In order to understand the impact of ProtoDUNE jobs on the Fermilab network traffic, we plot the distribution of event processing start rate versus network traffic in Fig. 8. Even though the network traffic has contributions from all grid jobs at Fermilab, there is a clear correlation between the number of ProtoDUNE concurrent jobs and the increase of network traffic. We fit a straight line to the data points below the network traffic of 80 Gb/s. The slope of the best fit line is \(4.2\pm 0.2\) Gb, which is the average outbound data transmission per event. The intercept is \(44\pm 2\) Gb/s, which is the average traffic from non-ProtoDUNE grid jobs. Based on the discussion of transmission time in Ref. [10], for 55,000 inferences per event, with each input a \(48 \times 48\) image at 32 bits, the total amount of data transmitted is about 4.1 Gigabits per event. This is consistent with the slope of the best fit straight line. The spread in data with respect to the straight line could be caused by the variation in the number of non-ProtoDUNE grid jobs during this period.

Figure 7 indicates that the average processing time is roughly 25 s/event for the GPU jobs. Assuming the entire 100 Gb/s bandwidth is available to the ProtoDUNE jobs, the maximum number of concurrent ProtoDUNE jobs we can run without saturating the network is \((100~\text {Gb/s})/(4.1~\text {Gb/event})\cdot (25~\text {s/event}) \simeq 600\). This is consistent with the concurrency limit of 600 jobs that we implemented after October 7.

Based on the above discussions, we conclude that, while overall computational time clearly decreases using GPUaaS, one does have to take particular care to understand what the expected data movement requirements will be for jobs using this architecture, and to set job concurrency limits appropriate to the capabilities of each local computing site and input data source. HTCondor [28, 29] in particular has the ability to define an arbitrary kind of resource that each job requires; one could define a “bandwidth” resource for these jobs, for example.
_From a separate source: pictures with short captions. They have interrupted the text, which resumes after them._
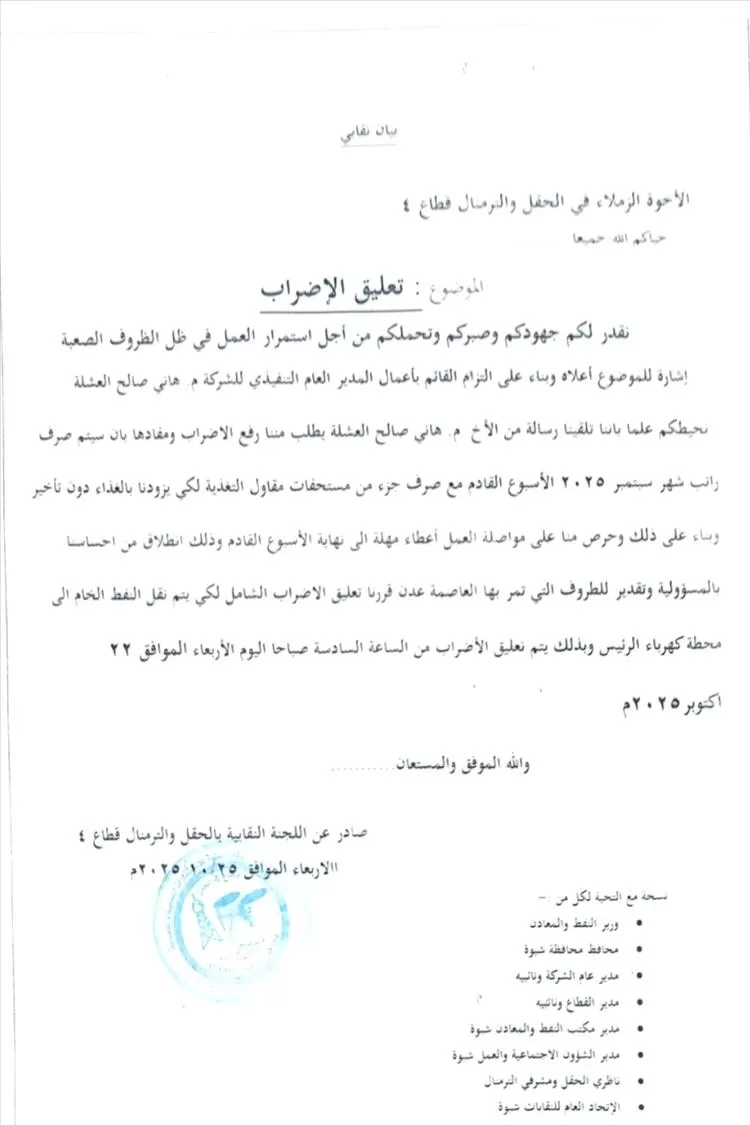 اليمن : بيان نقابي عن تعليق الإضراب في قطاع 4 في محافظة شبوة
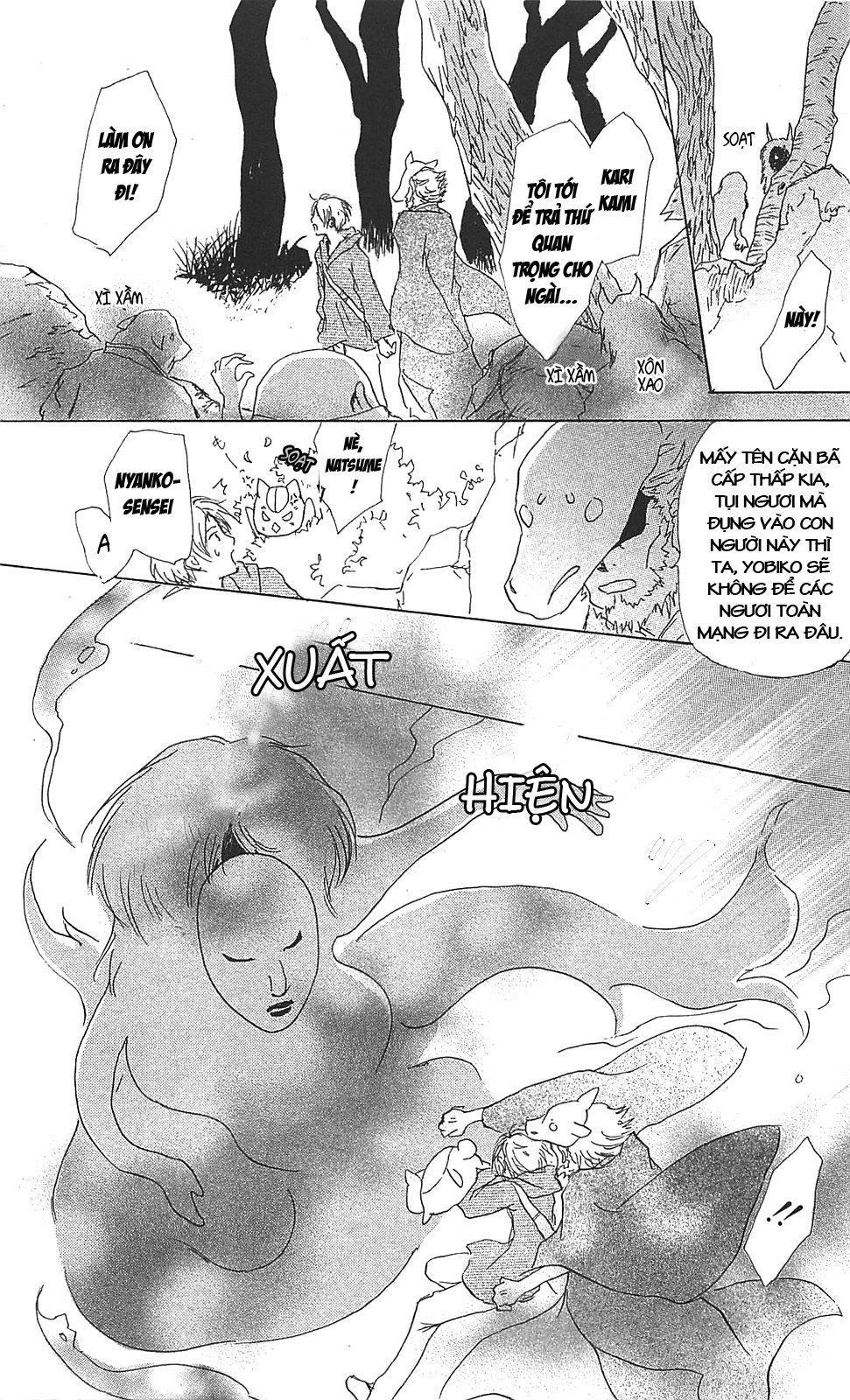 hữu nhân sổ chapter 47 29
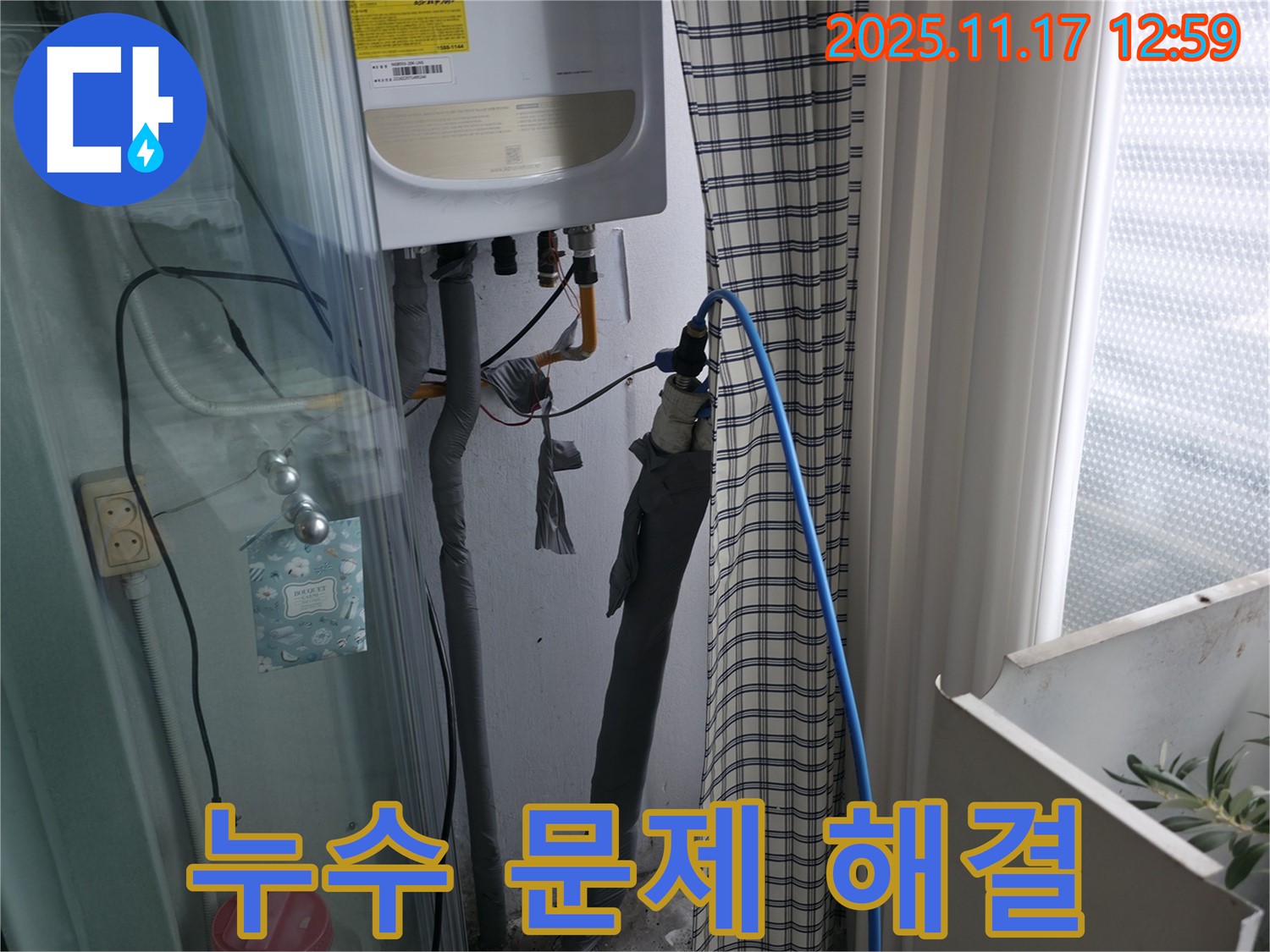 고척동 서울가든아파트 - 온수 누수 문제 해결 - 구로구 누수 전문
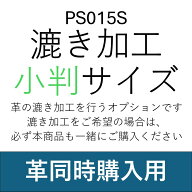 漉き加工 小判サイズ（25cm幅以下かつ10デシ以下）[革同時購入専用]【メール便選択可】 [レザークラフト…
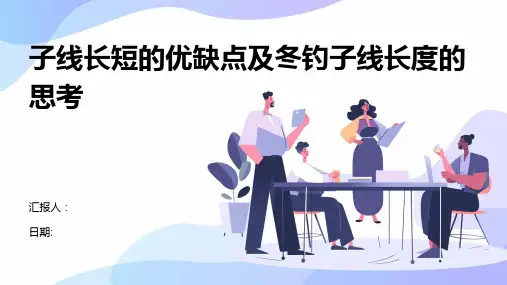 子线长短的优缺点及冬钓子线长度的思考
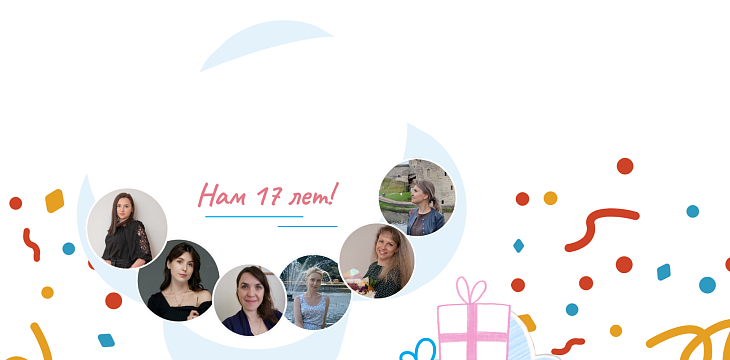 17 лет вместе с семьями Псковской области! 17 лет вместе с семьями Псковской области!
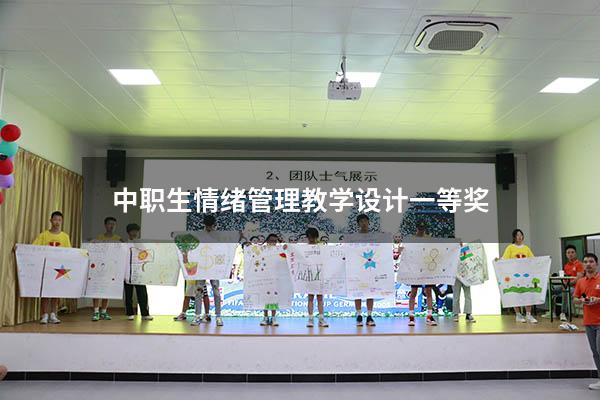 中职生情绪管理教学设计一等奖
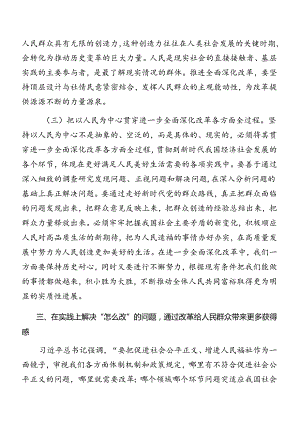 （八篇）2024年度党的二十届三中全会专题辅导党课.docx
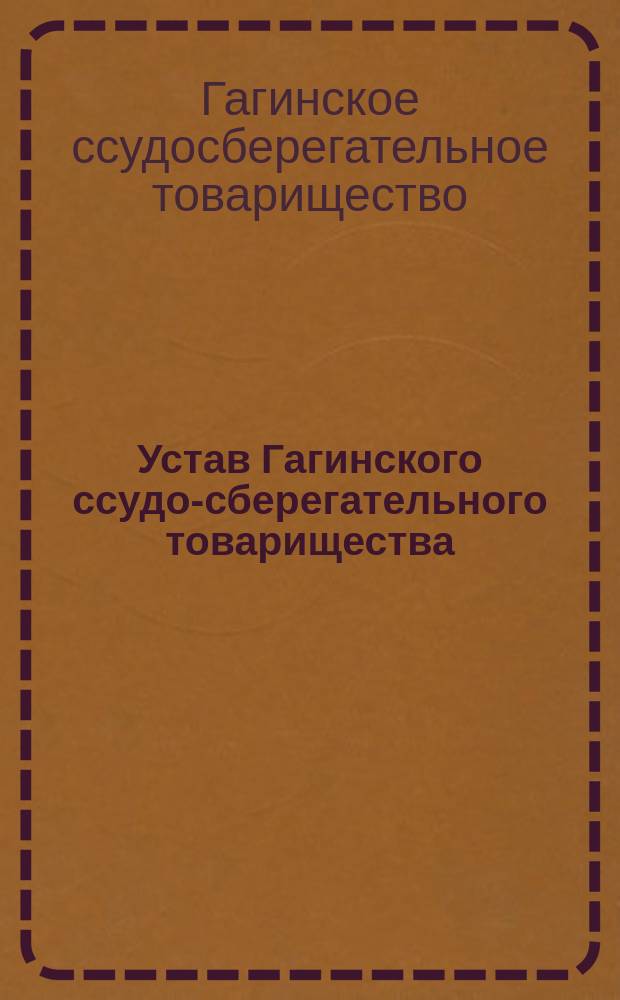 Устав Гагинского ссудо-сберегательного товарищества : Утв. 16 сент. 1874 г.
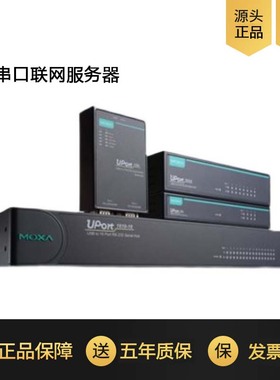 13年店 MOXA UPORT1610-16(UP1610-16) 16口USB转串口转换器 [正品联保]工业品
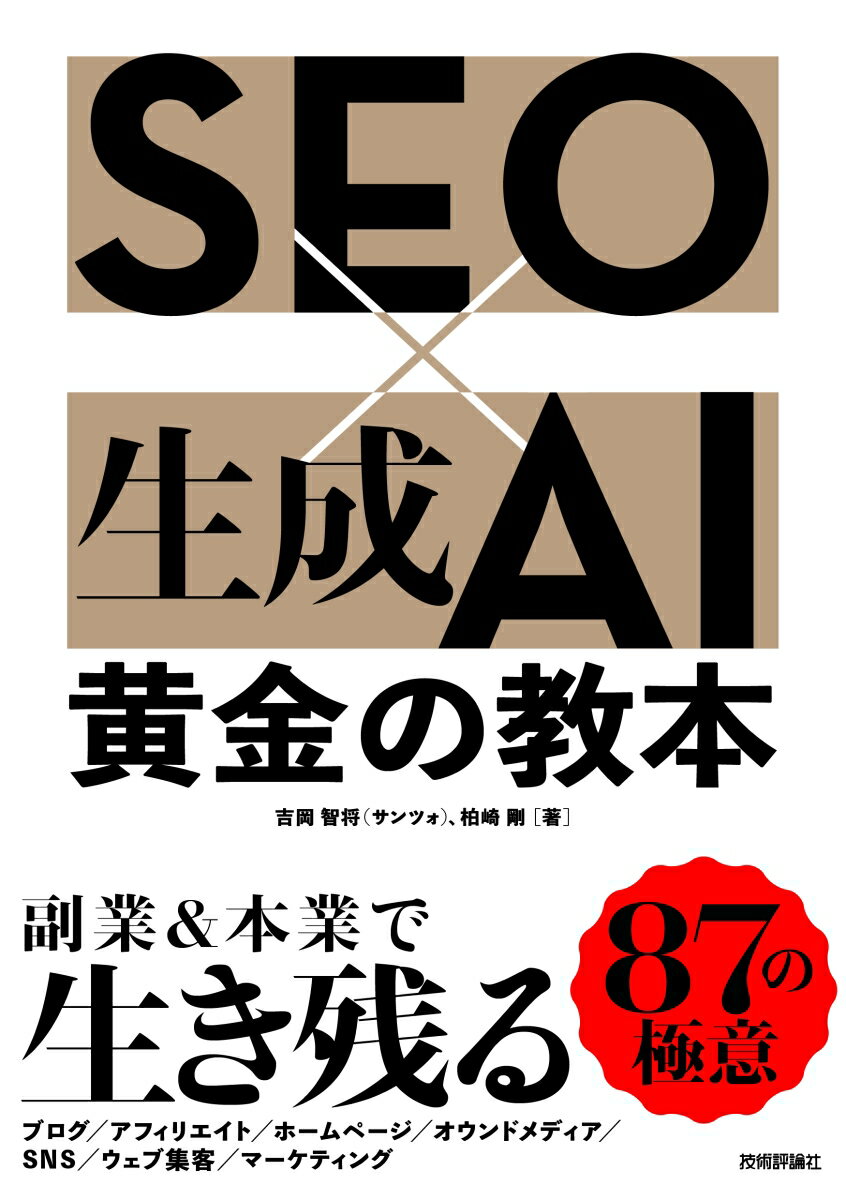 【中古】SEO×生成AI　黄金の教本/技術評論社/吉岡智将（単行本（ソフトカバー））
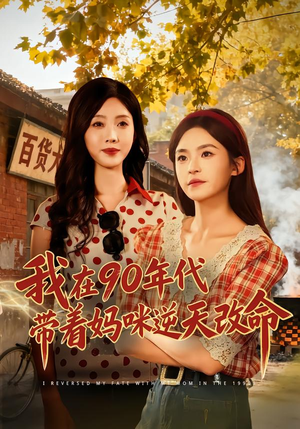 我在90年代带着妈咪逆天改命（89集）番茄短剧免费看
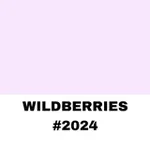 Аватар канала Лучшее с Wildberries ❀ Ozon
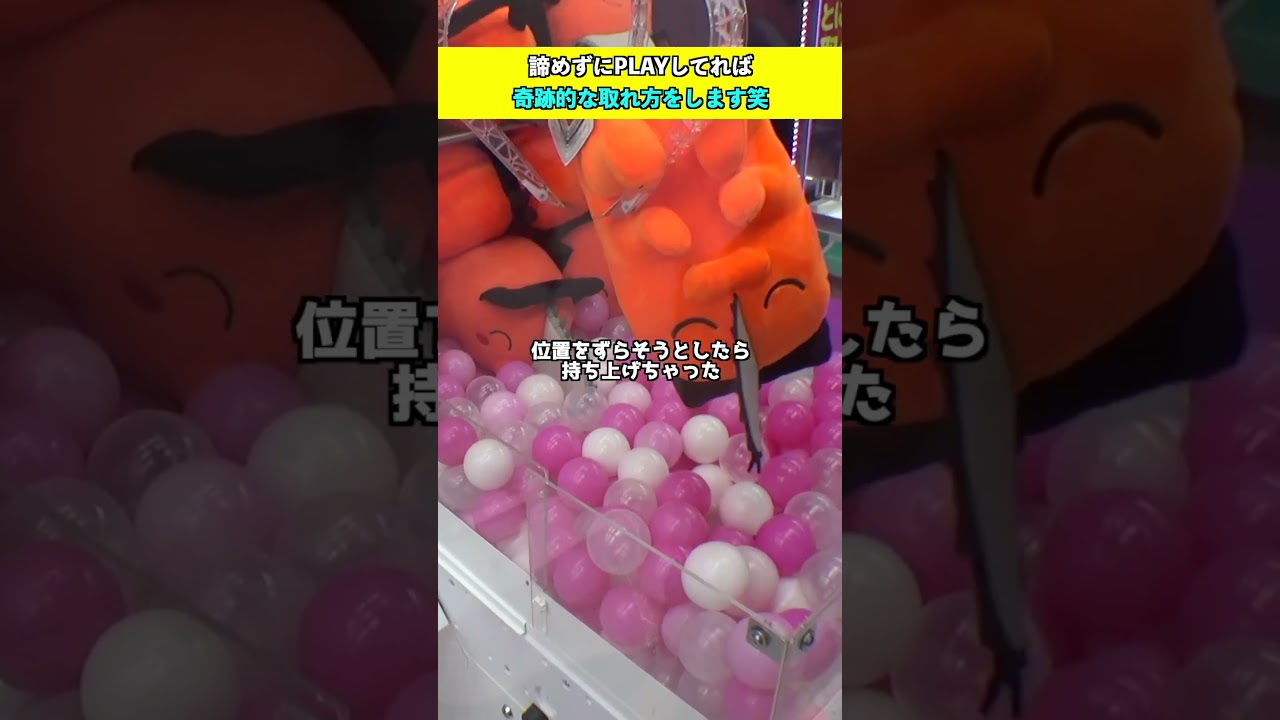 3本爪タグ刺しまとめ#クレーンゲーム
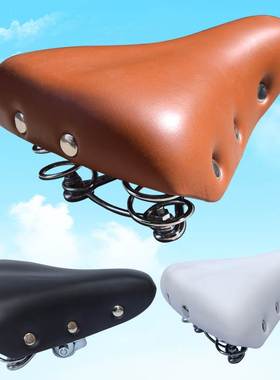 极速自行车d通用鞍座复古棕色咖啡色黑色白色有弹簧坐垫座包车座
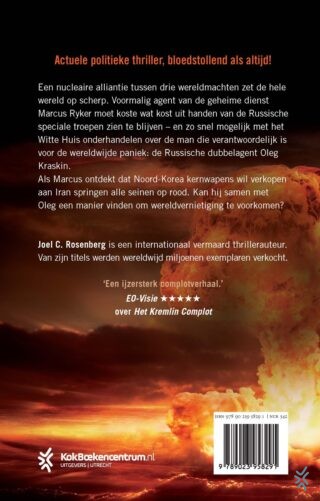 Russische roulette - achterkant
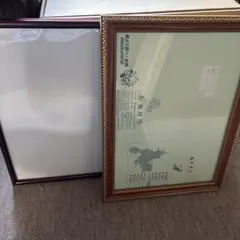 額縁 アートフレーム 2点セット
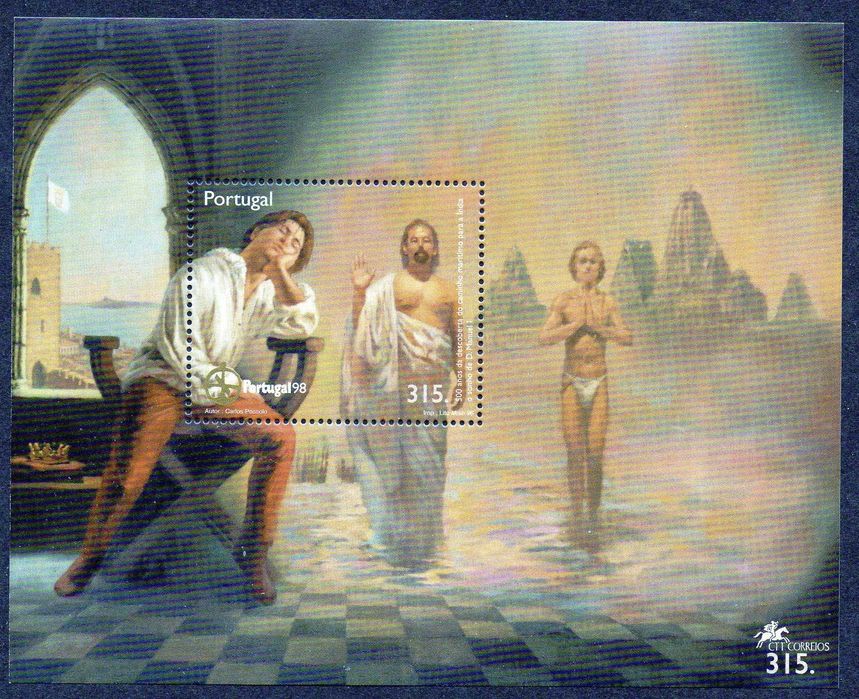 Selos Portugal 1996 - Bloco Novo MNH Nº177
HTCondor additionally allows configuring the job submissions to prevent more jobs to start at a given site once the sum of consumed resources by running jobs at that site reaches a certain threshold. Therefore, if one knows the total network capacity of each site hosting jobs, one can configure per-site job limits and prevent network saturation in an automated way.

Future Improvements

A number of improvements to overall scalability and ease of use are possible. In addition to automatic job concurrency limits to prevent network saturation as previously described, we are exploring the possibility of compressing the data sent to the GPU server to reduce the overall bandwidth requirements. While a reduced payload would obviously increase job concurrency limits, that must be balanced against the additional run time that would be introduced in compressing and decompressing the data on the worker node and server, respectively. Another desirable area of improvement is in overall ease of use and human effort requirements. In the current setup we make use of the standard DUNE Production job submission infrastructure, which allows for a high degree of automated job submission, but due to the current nature of the cloud server it requires an authorized individual to manually instantiate the GPU inference server before we submit jobs. Establishing a method of automatically instantiating the server at job submission time and automatically ramping it down when the associated jobs are complete would avoid a clear possible failure point should no authorized individuals be available when the infrastructure is needed.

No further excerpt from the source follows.